Symptoms of danger in a marriage or love relationship
Partners in marriages or love relationships typically share daily updates, including excitement and stressful complaints in their personal lives. These exchanges help wall-off threats from others. However, when emotional hurts occur that are often subtle, partners stop confiding in each other, withholding daily stories and avoiding discussions about the relationship that could address problems. When the “friendly” other person suddenly appears, the partner is susceptible to their charm, and a connection can develop, usually starting with joking or storytelling that grows into deeper confiding and even complaining about the primary marriage or love relationship.
Is the betraying partner just a bad person?
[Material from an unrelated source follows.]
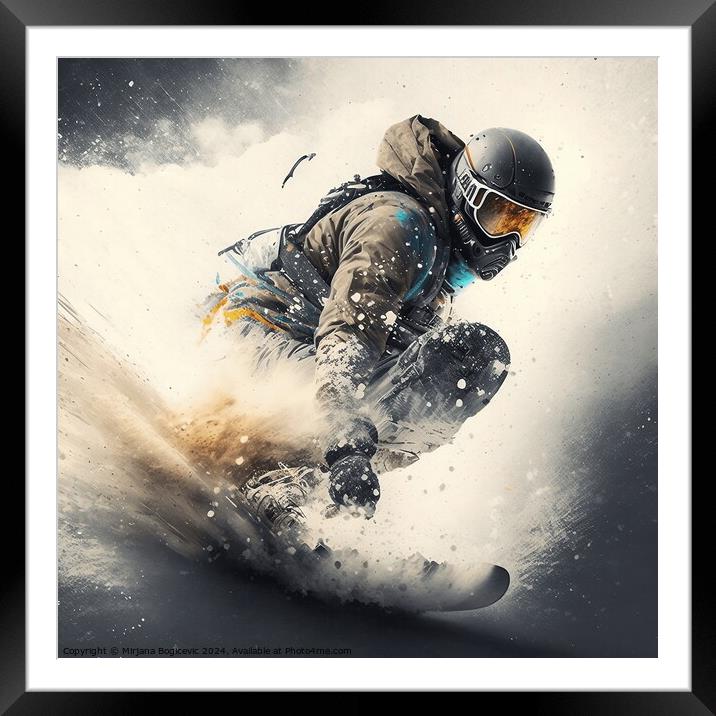 Snowboarder glides down the mountain Framed Mounted Print by Mirjana Bogicevic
Research from John Gottman of Gottman Method Couples Therapy shows that affairs do not occur because of a weak character or an immoral personality. Untamed lust or overwhelming temptation are also not the key factors leading to affairs. instead, affairs are caused by a progressive erosion of trust in the marriage or love relationship that begins long before the affair. Trust breaks down in small, subtle ways in the beginning as partners turn away from each other. Actions of thoughtfulness dissipate in the primary love relationship, while negativity seeps into how each partner sees the other.